§ **TASK BRIEF**:
Repeat exactly the lines that run from the one containing "KINGS CONTRIVANCE - Residential" to the end of the data, and leave out all others.

START EXTRACTED RECORDS

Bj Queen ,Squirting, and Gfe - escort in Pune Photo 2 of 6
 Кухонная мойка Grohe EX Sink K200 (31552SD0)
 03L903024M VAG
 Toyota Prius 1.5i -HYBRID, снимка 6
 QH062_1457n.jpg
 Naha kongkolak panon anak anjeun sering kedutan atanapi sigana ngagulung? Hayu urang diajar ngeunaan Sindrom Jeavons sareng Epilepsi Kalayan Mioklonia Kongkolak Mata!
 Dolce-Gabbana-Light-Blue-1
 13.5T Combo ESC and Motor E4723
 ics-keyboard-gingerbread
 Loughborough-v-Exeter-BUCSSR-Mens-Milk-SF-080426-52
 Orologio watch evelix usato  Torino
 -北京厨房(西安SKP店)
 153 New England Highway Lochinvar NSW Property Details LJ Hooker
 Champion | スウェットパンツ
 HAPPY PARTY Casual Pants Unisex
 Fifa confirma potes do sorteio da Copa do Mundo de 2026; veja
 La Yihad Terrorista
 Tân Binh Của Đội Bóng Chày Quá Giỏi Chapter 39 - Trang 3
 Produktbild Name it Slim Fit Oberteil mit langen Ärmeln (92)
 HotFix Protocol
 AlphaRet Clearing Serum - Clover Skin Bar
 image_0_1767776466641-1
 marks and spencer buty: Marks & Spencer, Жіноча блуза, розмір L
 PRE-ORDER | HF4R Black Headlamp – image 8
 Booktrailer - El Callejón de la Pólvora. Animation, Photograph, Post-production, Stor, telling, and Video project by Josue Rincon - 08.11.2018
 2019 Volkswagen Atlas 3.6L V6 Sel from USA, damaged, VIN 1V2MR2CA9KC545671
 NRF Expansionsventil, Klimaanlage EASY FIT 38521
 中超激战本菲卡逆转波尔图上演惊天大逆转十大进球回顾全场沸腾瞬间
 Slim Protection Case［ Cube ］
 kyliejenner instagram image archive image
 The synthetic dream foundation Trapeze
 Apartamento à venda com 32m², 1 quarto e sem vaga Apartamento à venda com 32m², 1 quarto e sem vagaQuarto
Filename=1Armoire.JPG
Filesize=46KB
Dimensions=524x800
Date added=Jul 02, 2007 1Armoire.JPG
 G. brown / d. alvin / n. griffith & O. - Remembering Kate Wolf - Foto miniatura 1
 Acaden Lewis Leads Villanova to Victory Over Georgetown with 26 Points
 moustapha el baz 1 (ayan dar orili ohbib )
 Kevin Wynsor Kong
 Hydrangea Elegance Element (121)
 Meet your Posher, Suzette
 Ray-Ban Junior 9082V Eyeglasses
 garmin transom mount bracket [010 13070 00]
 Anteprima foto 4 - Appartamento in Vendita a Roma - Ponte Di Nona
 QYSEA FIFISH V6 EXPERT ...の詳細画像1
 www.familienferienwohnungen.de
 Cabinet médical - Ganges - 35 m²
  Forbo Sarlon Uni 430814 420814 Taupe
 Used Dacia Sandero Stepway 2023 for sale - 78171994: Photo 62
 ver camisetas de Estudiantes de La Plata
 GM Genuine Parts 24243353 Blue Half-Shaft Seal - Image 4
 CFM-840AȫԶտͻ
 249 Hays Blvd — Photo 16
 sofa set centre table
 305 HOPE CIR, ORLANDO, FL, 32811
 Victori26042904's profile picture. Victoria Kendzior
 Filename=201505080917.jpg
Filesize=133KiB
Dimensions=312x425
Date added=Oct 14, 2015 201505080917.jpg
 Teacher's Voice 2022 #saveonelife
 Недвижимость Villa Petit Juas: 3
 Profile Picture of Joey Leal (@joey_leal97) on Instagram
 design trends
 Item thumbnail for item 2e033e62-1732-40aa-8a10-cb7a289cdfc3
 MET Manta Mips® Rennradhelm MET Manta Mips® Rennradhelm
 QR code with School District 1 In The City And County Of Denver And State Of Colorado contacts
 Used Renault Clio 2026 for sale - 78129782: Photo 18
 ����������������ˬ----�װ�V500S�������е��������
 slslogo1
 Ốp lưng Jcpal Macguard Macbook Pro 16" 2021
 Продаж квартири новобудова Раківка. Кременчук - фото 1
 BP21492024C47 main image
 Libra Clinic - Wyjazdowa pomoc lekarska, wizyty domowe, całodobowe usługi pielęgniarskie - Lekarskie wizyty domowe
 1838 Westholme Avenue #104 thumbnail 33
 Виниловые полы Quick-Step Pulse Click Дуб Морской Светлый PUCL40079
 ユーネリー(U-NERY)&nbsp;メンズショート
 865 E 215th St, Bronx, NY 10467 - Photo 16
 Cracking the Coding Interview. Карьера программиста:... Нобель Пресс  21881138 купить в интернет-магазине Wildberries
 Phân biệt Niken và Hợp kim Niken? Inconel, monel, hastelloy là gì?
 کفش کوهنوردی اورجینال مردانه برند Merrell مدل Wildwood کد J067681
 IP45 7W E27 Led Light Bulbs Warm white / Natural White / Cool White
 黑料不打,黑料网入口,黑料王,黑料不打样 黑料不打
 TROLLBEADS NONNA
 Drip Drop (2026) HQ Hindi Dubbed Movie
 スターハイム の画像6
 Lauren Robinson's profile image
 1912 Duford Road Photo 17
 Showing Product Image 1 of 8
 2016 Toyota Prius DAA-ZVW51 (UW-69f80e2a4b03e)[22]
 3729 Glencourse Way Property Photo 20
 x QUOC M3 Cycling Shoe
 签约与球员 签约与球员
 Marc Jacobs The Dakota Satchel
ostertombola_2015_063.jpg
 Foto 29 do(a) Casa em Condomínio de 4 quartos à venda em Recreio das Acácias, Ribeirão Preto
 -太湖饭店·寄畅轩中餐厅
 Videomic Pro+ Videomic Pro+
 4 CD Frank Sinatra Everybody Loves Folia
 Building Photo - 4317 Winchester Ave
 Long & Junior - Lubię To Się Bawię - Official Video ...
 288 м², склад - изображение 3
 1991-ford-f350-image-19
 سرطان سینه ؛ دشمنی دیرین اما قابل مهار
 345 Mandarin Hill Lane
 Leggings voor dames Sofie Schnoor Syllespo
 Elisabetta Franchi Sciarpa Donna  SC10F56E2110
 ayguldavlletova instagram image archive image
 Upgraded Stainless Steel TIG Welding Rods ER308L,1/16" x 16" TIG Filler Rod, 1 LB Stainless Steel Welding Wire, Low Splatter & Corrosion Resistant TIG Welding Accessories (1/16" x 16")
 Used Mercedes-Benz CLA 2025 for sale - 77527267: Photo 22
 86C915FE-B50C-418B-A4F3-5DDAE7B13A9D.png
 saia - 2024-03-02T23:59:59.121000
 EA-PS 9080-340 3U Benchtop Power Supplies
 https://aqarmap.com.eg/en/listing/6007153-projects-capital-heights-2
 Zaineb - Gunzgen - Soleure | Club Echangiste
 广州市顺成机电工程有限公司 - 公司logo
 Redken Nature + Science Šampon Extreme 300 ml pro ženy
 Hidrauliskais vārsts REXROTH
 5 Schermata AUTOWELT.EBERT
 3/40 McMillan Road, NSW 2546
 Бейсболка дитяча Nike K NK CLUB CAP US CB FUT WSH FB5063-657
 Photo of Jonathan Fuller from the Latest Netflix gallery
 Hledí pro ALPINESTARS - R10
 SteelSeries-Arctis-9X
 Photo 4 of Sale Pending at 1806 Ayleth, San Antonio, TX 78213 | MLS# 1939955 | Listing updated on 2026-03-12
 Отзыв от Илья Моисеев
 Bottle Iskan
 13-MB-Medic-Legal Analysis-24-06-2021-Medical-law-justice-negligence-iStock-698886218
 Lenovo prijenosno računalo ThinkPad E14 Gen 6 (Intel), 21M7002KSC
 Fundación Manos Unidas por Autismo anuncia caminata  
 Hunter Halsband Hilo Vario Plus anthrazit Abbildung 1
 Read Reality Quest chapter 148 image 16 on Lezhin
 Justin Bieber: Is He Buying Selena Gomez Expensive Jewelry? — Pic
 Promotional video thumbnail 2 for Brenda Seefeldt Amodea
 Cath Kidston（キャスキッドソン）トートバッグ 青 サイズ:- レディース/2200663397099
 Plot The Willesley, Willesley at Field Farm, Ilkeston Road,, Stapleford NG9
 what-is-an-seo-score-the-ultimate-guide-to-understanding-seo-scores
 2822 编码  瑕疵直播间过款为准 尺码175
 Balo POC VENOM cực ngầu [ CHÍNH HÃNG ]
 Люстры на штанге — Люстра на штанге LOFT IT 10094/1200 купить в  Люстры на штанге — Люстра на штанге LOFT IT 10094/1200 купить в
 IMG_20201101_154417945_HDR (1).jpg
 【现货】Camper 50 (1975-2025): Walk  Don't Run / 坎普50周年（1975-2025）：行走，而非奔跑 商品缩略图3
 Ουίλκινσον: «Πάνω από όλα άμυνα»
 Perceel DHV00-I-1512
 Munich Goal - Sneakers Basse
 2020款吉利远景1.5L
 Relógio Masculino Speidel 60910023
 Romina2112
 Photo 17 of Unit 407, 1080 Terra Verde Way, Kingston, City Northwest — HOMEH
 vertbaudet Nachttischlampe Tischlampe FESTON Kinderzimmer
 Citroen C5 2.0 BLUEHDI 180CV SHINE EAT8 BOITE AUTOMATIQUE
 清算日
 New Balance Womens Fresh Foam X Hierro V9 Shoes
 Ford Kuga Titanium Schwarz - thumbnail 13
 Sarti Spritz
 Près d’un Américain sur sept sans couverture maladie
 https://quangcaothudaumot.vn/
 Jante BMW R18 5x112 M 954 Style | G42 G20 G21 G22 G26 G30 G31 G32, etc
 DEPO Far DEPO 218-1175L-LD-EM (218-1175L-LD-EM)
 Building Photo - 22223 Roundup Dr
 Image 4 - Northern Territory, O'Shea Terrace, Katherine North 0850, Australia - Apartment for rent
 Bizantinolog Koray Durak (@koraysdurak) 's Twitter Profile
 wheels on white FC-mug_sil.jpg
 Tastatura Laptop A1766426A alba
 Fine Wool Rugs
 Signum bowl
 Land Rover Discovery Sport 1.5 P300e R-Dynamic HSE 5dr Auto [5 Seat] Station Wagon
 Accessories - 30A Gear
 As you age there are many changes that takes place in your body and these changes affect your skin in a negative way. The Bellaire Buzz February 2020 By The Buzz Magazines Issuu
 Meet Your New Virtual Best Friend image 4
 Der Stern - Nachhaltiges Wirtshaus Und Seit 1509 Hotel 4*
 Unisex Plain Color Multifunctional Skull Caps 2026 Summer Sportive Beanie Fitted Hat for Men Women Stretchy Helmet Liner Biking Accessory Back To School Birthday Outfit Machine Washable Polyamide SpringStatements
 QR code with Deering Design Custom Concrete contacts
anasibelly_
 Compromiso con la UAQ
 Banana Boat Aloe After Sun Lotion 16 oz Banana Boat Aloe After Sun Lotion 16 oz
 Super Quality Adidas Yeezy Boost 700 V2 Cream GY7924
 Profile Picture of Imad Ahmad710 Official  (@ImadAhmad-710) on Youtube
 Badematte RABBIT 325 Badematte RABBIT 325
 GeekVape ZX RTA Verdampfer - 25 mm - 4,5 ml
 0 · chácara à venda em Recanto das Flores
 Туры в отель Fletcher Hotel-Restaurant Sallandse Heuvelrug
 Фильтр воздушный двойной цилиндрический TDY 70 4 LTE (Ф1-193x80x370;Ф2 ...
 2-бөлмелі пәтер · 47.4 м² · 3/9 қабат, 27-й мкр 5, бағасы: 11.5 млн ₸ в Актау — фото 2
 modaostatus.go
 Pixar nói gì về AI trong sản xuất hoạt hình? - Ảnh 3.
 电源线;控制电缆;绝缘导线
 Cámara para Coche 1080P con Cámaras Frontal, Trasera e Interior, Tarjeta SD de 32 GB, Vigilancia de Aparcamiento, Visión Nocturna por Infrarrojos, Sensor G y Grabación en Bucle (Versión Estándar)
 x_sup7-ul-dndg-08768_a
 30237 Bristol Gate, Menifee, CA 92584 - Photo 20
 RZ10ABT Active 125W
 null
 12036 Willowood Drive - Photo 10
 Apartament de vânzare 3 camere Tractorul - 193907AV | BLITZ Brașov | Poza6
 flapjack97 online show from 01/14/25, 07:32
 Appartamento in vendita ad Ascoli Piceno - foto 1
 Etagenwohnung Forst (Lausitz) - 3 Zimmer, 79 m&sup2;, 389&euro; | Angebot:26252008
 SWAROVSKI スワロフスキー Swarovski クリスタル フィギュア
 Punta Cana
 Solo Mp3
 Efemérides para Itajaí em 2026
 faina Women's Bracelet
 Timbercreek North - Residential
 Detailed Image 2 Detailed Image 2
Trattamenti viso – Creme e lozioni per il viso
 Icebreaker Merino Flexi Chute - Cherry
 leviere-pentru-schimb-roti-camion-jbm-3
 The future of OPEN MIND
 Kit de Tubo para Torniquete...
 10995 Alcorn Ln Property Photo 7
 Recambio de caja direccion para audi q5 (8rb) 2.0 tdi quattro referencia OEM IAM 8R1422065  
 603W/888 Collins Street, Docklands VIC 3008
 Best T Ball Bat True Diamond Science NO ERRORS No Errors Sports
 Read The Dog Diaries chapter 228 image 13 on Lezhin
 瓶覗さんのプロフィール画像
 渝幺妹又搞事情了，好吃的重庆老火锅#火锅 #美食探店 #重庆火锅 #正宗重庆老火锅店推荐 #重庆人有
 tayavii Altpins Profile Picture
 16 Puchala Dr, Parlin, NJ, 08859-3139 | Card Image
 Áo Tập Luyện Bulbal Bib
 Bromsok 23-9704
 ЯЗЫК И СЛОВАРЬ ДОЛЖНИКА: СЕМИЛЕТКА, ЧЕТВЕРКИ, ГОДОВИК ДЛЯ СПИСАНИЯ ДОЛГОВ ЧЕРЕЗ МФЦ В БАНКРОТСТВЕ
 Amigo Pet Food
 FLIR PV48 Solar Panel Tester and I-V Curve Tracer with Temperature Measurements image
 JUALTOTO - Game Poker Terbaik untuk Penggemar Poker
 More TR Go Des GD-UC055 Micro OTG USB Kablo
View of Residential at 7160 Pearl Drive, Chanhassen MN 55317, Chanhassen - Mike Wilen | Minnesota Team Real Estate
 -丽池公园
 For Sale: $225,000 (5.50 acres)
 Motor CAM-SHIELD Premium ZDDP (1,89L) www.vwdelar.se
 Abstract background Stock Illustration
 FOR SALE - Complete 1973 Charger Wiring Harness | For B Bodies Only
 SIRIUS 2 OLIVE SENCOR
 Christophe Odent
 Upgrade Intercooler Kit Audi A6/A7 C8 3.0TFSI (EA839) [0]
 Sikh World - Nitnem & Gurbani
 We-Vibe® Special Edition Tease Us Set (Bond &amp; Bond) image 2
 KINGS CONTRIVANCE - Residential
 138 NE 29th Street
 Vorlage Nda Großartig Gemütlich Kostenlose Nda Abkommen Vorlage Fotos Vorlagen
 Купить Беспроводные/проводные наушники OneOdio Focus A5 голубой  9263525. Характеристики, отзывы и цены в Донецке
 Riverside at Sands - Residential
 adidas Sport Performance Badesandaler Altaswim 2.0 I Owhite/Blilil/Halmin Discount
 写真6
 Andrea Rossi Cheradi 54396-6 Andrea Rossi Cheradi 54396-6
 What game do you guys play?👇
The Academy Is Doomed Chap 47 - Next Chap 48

END EXTRACTED RECORDS

§ **FINISHED TASK**:
 KINGS CONTRIVANCE - Residential
 138 NE 29th Street
 Vorlage Nda Großartig Gemütlich Kostenlose Nda Abkommen Vorlage Fotos Vorlagen
 Купить Беспроводные/проводные наушники OneOdio Focus A5 голубой  9263525. Характеристики, отзывы и цены в Донецке
 Riverside at Sands - Residential
 adidas Sport Performance Badesandaler Altaswim 2.0 I Owhite/Blilil/Halmin Discount
 写真6
 Andrea Rossi Cheradi 54396-6 Andrea Rossi Cheradi 54396-6
 What game do you guys play?👇
The Academy Is Doomed Chap 47 - Next Chap 48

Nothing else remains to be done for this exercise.